Her parents, enjoying a night of candle-lit dinner / wine repast, are left unawares.
Soon, evil Krug and his injured company are at the Collingwood family cottage and being given a warm welcome by the doctor and his wife, who think their daughter Mari is staying in town for the night with Paige.
The Last House on the Left very effectively contrasts the good people the Collingwoods, with Krug and his evil gang; seldom in horror movies do we get well fleshed out characters and not merely flesh. There’s also a nice touch of class envy subtext (“How many houses do you own?” the not-exactly-grateful evil house-guests ask when they’re given room and board in a rainstorm.)

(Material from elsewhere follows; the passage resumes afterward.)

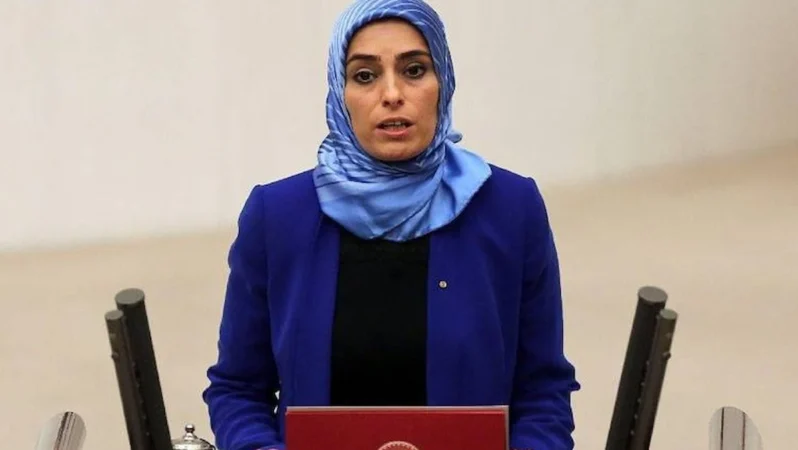 Zehra Taşkesenlioğlu’ndan Sert Yanıt: “Bu Kadar Fantastik Bir Servet Uydurmakta Ustalık Gerektirir”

However when the Collingwood’s learn their daughter’s fate and exact their revenge, they’re not plagued by moral uncertainty but almost gleefully cross over (the doctor is particularly good at turning the Hippocratic Oath on its head in the film’s absurd kitchen implement-centred finale — please see our book, Death by Umbrella! The 100 Weirdest Horror Movie Weapons)
Also lacking, the gallows humor of the first Last House.